3-Way Bulgar Wheat Salad Stacks

  • Author: Maria Koutsogiannis
  • Prep Time: 20 minutes
  • Total Time: 20 minutes
  • Yield: 4 - 6 servings 1x
  • Category: Vegetarian Meals
  • Method: Cook + Combine
  • Cuisine: Mediterranean-Inspired, Asian-Inspired, Vegetarian, Dairy-Free
  • Diet: Vegetarian

Description

I’m giving you 3 different ways to make impressive-looking (but easy) bulgar wheat salad stacks for your summer dinner party.


Ingredients

Scale

Seasoned Bulgur Wheat

1 ½ cups Bob’s Red Mill Bulgar Wheat (uncooked)

1 tbsp. olive oil

1 tbsp. coconut aminos or tamari

1 tsp. sea salt

1 tsp. garlic powder

1 tsp. onion powder

½ tsp. cracked black pepper

Egg Salad

5 hard-boiled eggs

¼ cup mayonnaise

1 tbsp. capers

1 tbsp. fresh oregano (chopped)

1 tbsp. fresh basil (chopped)

1 tsp. sea salt

½ tsp. cracked black pepper

1 tsp. red chili flakes

Mediterranean-Style Stack

2 on-the-vine tomatoes

1 red pepper

½ of a cucumber

½ cup red onion

½ cup feta or vegan feta

2 tbsp. capers

Asian-Inspired Stack

1 large avocado

1 large mango

2 cups crispy wontons

2 tbsp. coconut aminos or tamari


Instructions

Cook the Bulgur Wheat according to the instructions on the package.

Allow to cool and mix in the olive oil, coconut aminos, sea salt, garlic powder, onion powder, and cracked black pepper.

Prepare the egg salad by grating the eggs into a large bowl.

Add the mayonnaise, capers, oregano, basil, salt, cracked black pepper, and red chili flakes.
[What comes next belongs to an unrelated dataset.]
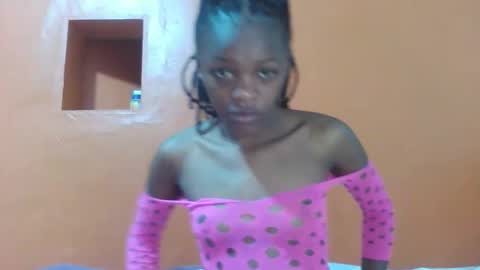 Snapshot of lovely_yvonne chatting on November 19, 2025, 6:52 pm Lovely yvonne online show from November 19, 2025, 6:52 pm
Mix to combine and set aside.

Make the crispy wontons next by adding avocado/sunflower oil to the bottom of a deep pot over high heat.

Cut the wonton wrappers into strips, add to the oil to fry, and rotate with tongs until they have become golden brown and crispy.
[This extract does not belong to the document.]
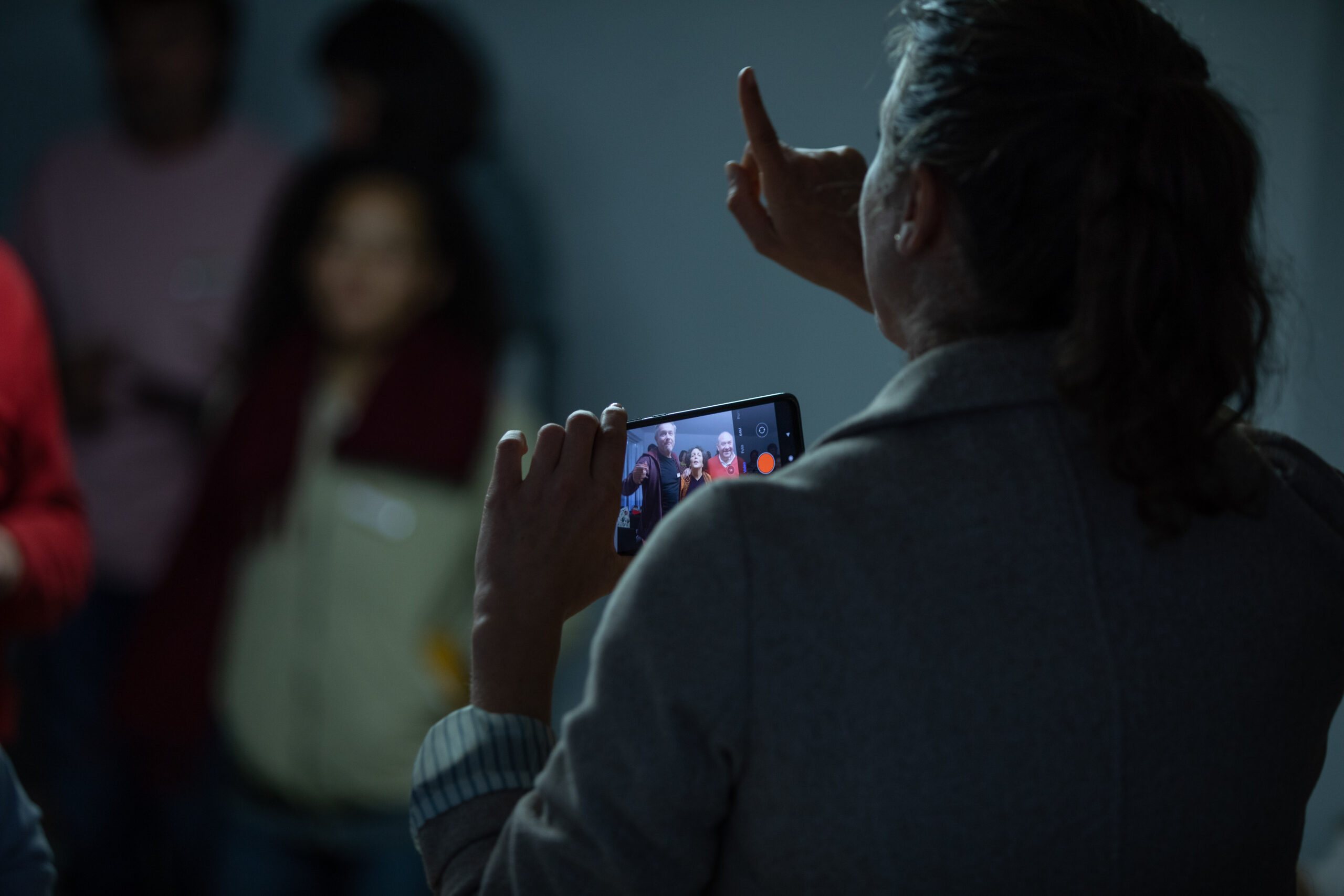 mujer haciendo fotos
Transfer the crispy wontons to a plate with paper towel to drain excess oil.

Next, prep the veggies for each style of stack.

Dice the tomatoes, red pepper, cucumber, red onion, avocado, and mango into small/medium pieces.
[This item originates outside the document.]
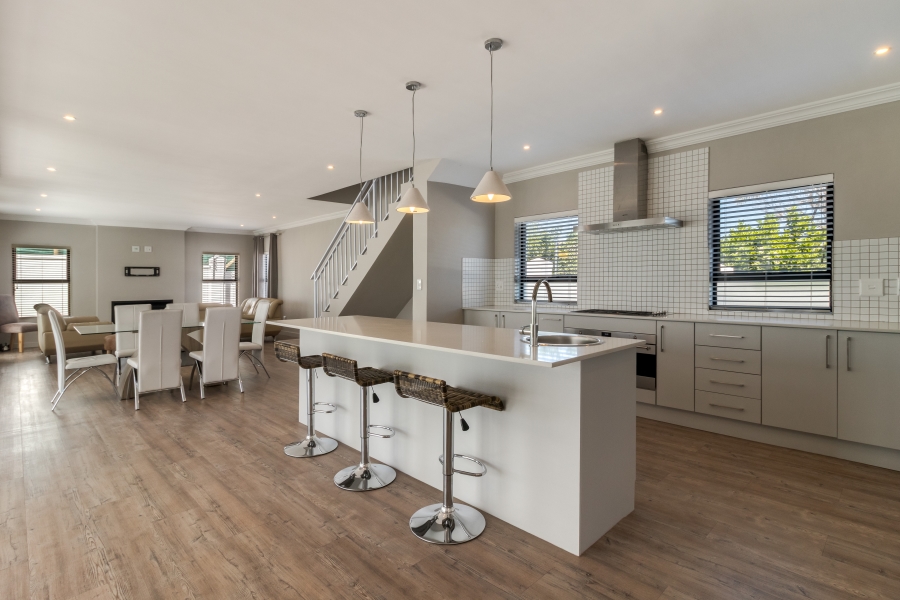 3 Bedroom Property for Sale in D’Stellen Estate Western Cape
Add salt, pepper, and other seasonings to the tomatoes and mango prior to stacking.

To create the Mediterranean stack, lightly spray a 1-cup measuring cup with avocado or sunflower oil.

Layer in the following order- tomato, pepper, cucumber, red onion, egg salad, seasoned bulgar wheat.

Lightly press the stack down, and then place a plate on top and flip over.

To serve, sprinkle crumbled feta and capers on top.

To create the Asian-Inspired stack, lightly spray a 1-cup measuring cup with avocado or sunflower oil.

Layer in the following order- avocado, mango, egg salad, seasoned bulgar wheat.

Lightly press the stack down, and then place a plate on top and flip over.

To serve, place crispy wontons on top and drizzle coconut aminos.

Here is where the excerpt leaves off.